These 4 Babies Are Actors in Tony-Nominated Broadway Play ‘The Ferryman’
Actor Julia Nightingale, who plays the baby’s oldest sister, said they tried to keep it as real as possible.
Tony-nominated play “The Ferryman” has employed a quartet of infants to share the role of Bobby Kearney in the show. The babies are paid child actor wages.
While many other plays and films use dolls instead of real babies, that idea didn’t fit with playwright Jez Butterworth and director Sam Mendes’ vision. They call it “poetic naturalism.”
Actor Julia Nightingale, who plays the baby’s oldest sister, said they tried to keep it as real as possible. “And having a baby is about as real as it gets,” she said.
Every night backstage there are two babies, and the one who goes onstage is the one who seems calmer at the moment.
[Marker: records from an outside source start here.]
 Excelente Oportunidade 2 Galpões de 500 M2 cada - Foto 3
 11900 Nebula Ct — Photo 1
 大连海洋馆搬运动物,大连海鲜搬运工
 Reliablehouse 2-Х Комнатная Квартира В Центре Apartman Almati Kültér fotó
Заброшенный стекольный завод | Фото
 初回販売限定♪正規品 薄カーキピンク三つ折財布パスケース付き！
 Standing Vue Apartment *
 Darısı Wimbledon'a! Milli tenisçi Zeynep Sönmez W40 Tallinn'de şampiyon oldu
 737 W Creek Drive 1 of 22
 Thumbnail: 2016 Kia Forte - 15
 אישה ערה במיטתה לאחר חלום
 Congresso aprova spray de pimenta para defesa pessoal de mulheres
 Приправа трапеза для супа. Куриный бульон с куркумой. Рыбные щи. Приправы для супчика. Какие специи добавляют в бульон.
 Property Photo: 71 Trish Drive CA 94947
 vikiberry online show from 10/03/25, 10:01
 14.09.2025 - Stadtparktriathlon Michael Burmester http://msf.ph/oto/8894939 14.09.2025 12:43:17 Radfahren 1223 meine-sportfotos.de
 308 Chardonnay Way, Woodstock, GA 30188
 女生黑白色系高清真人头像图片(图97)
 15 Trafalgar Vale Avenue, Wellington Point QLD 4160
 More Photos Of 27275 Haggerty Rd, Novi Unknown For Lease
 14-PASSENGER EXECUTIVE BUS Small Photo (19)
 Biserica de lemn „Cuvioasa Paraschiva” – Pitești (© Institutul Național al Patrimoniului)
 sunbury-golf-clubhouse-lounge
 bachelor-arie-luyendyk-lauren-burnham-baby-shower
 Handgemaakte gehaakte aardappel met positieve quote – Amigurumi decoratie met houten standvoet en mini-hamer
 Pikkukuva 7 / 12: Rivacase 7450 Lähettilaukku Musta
A mother of one of the tiny stars, Christine Scarfuto, said it was busy for them backstage, too. “We are doing the costume changes, the diaper changes, we have a path we walk backstage and hand off the babies to the actors and make sure they’re in a good mood and are well fed and take a nap at the right time. It’s hard.”
The Ferryman follows a family in Northern Ireland in 1981 as they struggle with the murder of a relative, possibly by the Irish Republican Army. The play runs more than three hours and there is a live goose and a live rabbit onstage, in addition to the babies.